The Department for Levelling Up Housing and Communities recently (02 September 2022) launched a consultation on introducing a Decent Homes Standard to the rented sector, which would mean landlords are legally bound to make sure their property meets a reasonable standard.
The majority of landlords in the private rented sector already meet high standards but a minority are failing to meet these.
The consultation asks whether privately rented homes should be required to be kept in a good state of repair with efficient heating, suitable facilities, and free from serious hazards like major damp or fire risks. The consultation seeks views on whether such new standards should be introduced and on how they should be enforced.
Over a fifth of the 4.4 million privately rented homes in England are in poor condition. The recent move shows the government is getting on with delivering its levelling up mission, to halve the number of poor-quality rented homes by 2030.
Housing Secretary Greg Clark recently said:
I want to see a thriving private rented sector, but that does not mean that tenants should have to suffer homes that are not of decent standard.
This consultation asks what the minimum standard for privately rented homes should be.
Alicia Kennedy, Director of Generation Rent recently said:
We welcome these plans to extend the Decent Homes Standard to private rented homes.

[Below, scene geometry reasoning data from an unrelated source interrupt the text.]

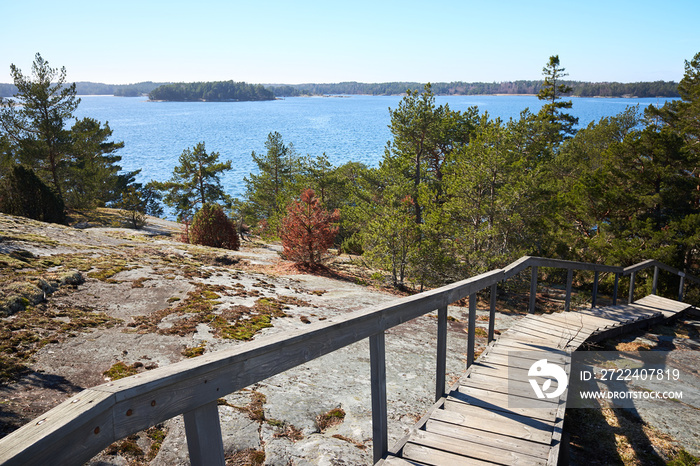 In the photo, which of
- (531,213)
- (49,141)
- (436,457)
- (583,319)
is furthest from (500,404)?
(49,141)

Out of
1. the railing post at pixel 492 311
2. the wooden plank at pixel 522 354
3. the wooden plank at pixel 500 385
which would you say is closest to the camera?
the wooden plank at pixel 500 385

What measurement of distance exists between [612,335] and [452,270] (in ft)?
28.4

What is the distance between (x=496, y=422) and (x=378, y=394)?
55.2 inches

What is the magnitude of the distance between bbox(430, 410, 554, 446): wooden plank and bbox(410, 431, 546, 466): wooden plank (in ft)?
0.77

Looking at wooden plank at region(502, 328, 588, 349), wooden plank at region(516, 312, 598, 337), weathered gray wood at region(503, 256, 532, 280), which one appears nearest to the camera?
weathered gray wood at region(503, 256, 532, 280)

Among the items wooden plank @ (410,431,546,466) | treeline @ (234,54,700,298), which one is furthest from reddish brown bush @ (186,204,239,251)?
wooden plank @ (410,431,546,466)

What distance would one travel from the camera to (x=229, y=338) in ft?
20.0

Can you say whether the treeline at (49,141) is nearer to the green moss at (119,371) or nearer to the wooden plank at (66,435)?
the green moss at (119,371)

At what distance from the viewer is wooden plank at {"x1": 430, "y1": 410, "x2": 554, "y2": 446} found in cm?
355

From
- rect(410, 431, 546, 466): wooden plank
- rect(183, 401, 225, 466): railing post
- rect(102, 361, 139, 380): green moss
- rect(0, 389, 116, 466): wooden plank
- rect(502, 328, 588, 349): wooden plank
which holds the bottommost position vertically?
rect(502, 328, 588, 349): wooden plank

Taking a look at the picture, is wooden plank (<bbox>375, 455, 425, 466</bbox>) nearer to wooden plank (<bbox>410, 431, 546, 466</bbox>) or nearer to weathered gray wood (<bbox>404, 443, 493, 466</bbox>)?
weathered gray wood (<bbox>404, 443, 493, 466</bbox>)

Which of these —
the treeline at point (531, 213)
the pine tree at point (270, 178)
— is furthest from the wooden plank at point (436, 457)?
the pine tree at point (270, 178)

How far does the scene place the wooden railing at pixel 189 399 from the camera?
134cm

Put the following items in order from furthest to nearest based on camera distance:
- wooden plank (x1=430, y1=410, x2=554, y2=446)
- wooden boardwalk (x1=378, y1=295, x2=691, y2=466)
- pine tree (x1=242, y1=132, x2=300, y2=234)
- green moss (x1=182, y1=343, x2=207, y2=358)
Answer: pine tree (x1=242, y1=132, x2=300, y2=234) → green moss (x1=182, y1=343, x2=207, y2=358) → wooden plank (x1=430, y1=410, x2=554, y2=446) → wooden boardwalk (x1=378, y1=295, x2=691, y2=466) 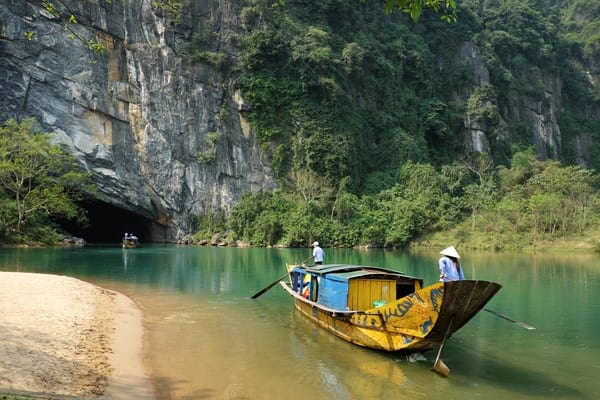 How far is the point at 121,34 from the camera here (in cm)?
3831

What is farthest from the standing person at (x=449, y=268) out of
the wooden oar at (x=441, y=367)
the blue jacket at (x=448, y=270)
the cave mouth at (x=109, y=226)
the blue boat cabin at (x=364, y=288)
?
the cave mouth at (x=109, y=226)

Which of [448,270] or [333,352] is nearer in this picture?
[448,270]

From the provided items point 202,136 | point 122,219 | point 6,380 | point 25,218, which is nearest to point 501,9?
Answer: point 202,136

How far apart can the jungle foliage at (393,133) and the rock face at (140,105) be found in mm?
2477

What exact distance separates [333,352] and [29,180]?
2922cm

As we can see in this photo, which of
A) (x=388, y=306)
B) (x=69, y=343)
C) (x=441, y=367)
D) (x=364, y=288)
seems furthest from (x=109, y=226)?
(x=441, y=367)

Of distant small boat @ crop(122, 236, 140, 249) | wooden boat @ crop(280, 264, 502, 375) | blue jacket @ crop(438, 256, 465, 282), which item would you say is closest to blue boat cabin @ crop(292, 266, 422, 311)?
wooden boat @ crop(280, 264, 502, 375)

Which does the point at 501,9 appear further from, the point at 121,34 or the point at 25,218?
the point at 25,218

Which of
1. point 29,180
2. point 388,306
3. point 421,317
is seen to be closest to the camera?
point 421,317

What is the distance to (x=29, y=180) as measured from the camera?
3144cm

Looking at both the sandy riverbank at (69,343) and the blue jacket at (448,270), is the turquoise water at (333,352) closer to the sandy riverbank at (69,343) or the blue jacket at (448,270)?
the sandy riverbank at (69,343)

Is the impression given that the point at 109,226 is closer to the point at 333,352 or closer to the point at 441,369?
the point at 333,352

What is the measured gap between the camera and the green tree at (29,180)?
2988 centimetres

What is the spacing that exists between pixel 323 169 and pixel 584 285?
26.0 metres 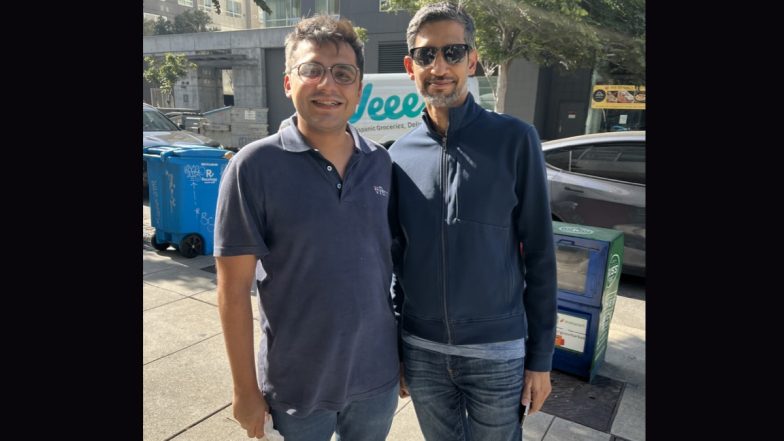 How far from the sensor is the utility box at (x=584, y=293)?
11.9 feet

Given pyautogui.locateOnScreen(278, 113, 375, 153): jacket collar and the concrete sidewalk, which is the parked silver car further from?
pyautogui.locateOnScreen(278, 113, 375, 153): jacket collar

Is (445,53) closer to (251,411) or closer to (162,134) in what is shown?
(251,411)

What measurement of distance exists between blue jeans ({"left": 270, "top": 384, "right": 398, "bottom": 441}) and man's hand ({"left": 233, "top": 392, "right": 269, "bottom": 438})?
60 mm

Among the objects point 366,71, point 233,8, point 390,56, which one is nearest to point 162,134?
point 366,71

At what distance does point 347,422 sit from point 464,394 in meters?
0.45

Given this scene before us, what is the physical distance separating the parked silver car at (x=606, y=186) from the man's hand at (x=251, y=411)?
4.69 metres

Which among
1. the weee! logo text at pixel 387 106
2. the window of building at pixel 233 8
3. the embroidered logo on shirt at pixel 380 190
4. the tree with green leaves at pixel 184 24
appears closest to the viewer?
the embroidered logo on shirt at pixel 380 190

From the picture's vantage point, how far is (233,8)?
73062mm

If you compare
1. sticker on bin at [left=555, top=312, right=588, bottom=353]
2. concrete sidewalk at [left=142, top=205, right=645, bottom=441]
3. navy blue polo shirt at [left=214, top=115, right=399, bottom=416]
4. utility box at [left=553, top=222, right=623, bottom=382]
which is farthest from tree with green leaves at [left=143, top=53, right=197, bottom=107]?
navy blue polo shirt at [left=214, top=115, right=399, bottom=416]

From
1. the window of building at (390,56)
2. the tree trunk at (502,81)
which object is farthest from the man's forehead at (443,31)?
the window of building at (390,56)

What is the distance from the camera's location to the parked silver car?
5.42 m

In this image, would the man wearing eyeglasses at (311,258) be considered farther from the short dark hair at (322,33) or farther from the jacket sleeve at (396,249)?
the jacket sleeve at (396,249)

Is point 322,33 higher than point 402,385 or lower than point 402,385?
higher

As the private rented sector has grown to overtake the social sector in size, not enough action has been taken on the poorer conditions private tenants must put up with. Private rented homes are more costly to heat and at a higher risk of disrepair and damp problems. There is no reason why private tenants should expect a worse service than social tenants.
This crucial measure will help tenants get value for money, whoever they rent from, and stop landlords from profiting by cutting corners.
Gavin Smart, Chief Executive at Chartered Institute of Housing recently said:
All renters should be able to live in decent, well maintained homes. We welcome the commitment to introduce a new Decent Homes Standard to the private rented sector as part of the government’s new deal for renters.
We look forward to seeing the details set out in the consultation and discussing the proposals with our members.
The social housing sector has been subject to a decent homes standard since 2001. Over the last decade poor quality social housing has reduced by over a third.
The introduction of a Decent Homes Standard in the private rented sector was outlined in the government’s landmark Fairer private rented sector white paper.
The consultation will run for 6 weeks and seeks views from tenants, landlords, and others in the sector.
Statistics taken from the English Housing Survey 2020 to 2021: housing quality and condition.